L’expression pas un iota est courante. Elle est toujours à la forme négative car elle exprime un refus.
On dit ne pas changer quelque chose d’un iota. Ne pas bouger, ou ne pas varier d’un iota signifie rester sur sa position initiale.
Je ne changerai pas un iota.
veut dire je ne ferai pas le moindre changement, pas le plus petit ajout ou retrait à ce que j’ai écrit, ou dit, mais généralement cela concerne plutôt l’écriture.
L’origine biblique
Le iota, dans l’alphabet grec ancien est situé entre l’alpha et l’oméga . C’est notre lettre i. Or, graphiquement, c’est le signe le plus petit de l’alphabet grec. Il s’écrit en effet d’un simple trait vertical.

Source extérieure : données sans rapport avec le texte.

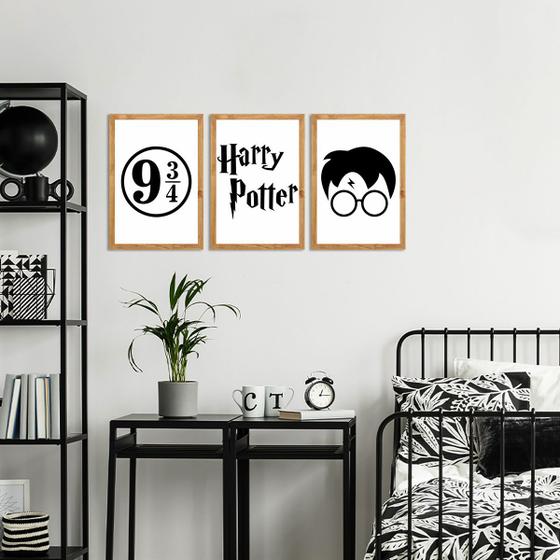 Imagem de Kit de Placas Decorativas Harry Potter Moldura Mel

L’expression ne pas changer un iota à quelque chose, est une référence biblique, celle de la loi transmise par Dieu à Moïse, conservée par Jésus. L’Evangile selon Matthieu cite les paroles de Jésus adressées à ses disciples lors du Sermon sur la montagne. Il leur dit :
Ne croyez pas que je sois venu pour abolir la loi ou les prophètes; je suis venu non pour abolir, mais pour accomplir. Car, je vous le dis en vérité, tant que le ciel et la terre ne passeront point, il ne disparaîtra pas de la loi un seul iota ou un seul trait de lettre, jusqu’à ce que tout soit arrivé. Celui donc qui supprimera l’un de ces plus petits commandements, et qui enseignera aux hommes à faire de même, sera appelé le plus petit dans le royaume des cieux; mais celui qui les observera et qui enseignera à les observer, celui-là sera appelé grand dans le royaume des cieux.
Matthieu 5, 1 à 19

L’écriture, les significations et la prononciation
Mettre les points sur les i
Le iota s’écrit d’un seul trait vertical. D’où vient le point que nous ajoutons sur le i minuscule ? (Pas sur le i majuscule.)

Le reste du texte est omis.